Brown admits mistakes but vows to fight on
Gordon Brown admitted being hurt by media attacks on his leadership in his speech to the Labour party conference today but vowed to continue as prime minister.
In an emotional speech, Mr Brown said: “Where I’ve made mistakes I’ll put my hand up and try to put them right.
“So what happened with 10p stung me because it really hurt that suddenly people felt I wasn’t on the side of middle and modest incomes.”
The prime minister all but admitted his level of unpopularity saying: “If people say I’m too serious, quite honestly there’s a lot to be serious about.”
But he also shot down rebels within his own party, saying “the people of Britain would not forgive us if at this time we looked inwards to the affairs of just our party”.
He addressed the current chaos in the financial markets – chaos which seems to have improved his poll ratings – saying: “We haven’t seen anything this big since the industrial age”.
He continued: “We will be the rock of stability and fairness upon which people stand”.
Attacking the Tories on the issue of state interference in the market, he said “those without faith in government should not be allowed to lead one”.
But he also reiterated his pro-business credentials, saying business was vital to the health of the nation.
Laying down the groundwork for a new phase in Labour’s efforts to stay in power, Mr Brown called for a “new settlement” in the relationship between the market and state.
Mr Brown said he and chancellor Alistair Darling would work towards a five point programme: All transactions will be “transparent”. There will be “sound banking”, so risks are managed and priced “for bad times as well as good”. Bank board members will have to face “responsibility” for the risks they take. Bonuses will only be given on the basis of “hard work, effort and enterprise”. There will be a global system of financial supervision of financial markets.
Other promises included:
An expansion of free nursery places for two-year-old across the country, starting with 30 communities and moving on to 60.
The enshrining in legislation of the government’s commitment to ending child poverty by 2020.
Children failing in maths or language will be guaranteed personal catch up tuition.
The government will fund over a million new families to get free internet in their home.
Those with cancer will no longer have to pay prescription charges, with an eye to later abolishing all charges for patients with long-term conditions.
There was indication elderly people would be given extra funding for care in their own homes.
An independent commissioner will represent victims and witnesses going through crimes and court cases.
A migrant charge for public services will be introduced.
Reiterating his fairness agenda, he said: “Fairness is in our DNA. It’s why we exist. We don’t give in and we never will.”
Mr Brown won the most applause when he launched a section berating the Conservative record, saying: “We did fix the roof when the sun was shining.”

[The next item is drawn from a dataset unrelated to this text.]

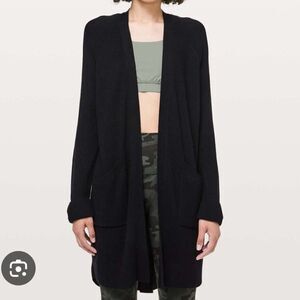 Lululemon Still At Ease Wrap
Black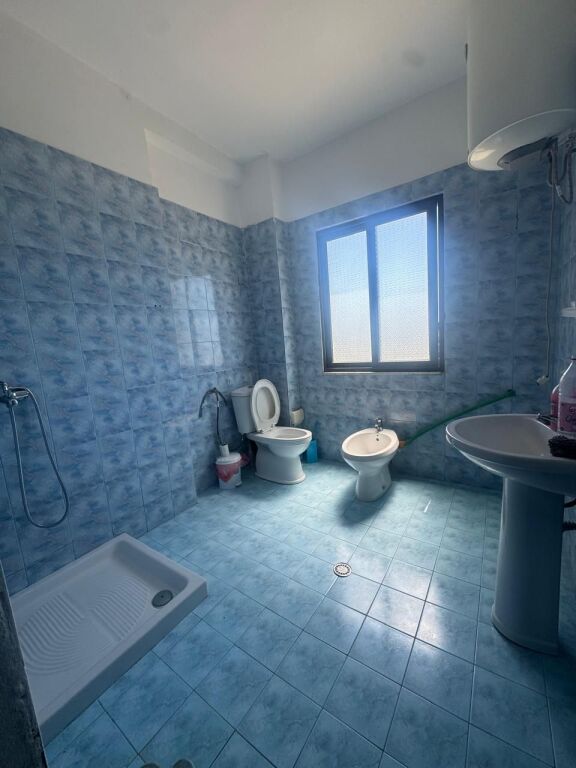 Shitet Apartament 1+1 në Rrugën Viena, Golem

He added: “I’m all in favour of apprenticeships but this is no time for a novice”.
The speech ended with Mr Brown saying: “I know what I believe. I know who I am.
“I know what I want to do in this job. And I know the way to deal with tough times is to face them down.”
The speech was billed as the most important of his career, with rumours in the conference that he tore up the month-old speech he had prepared earlier and started afresh.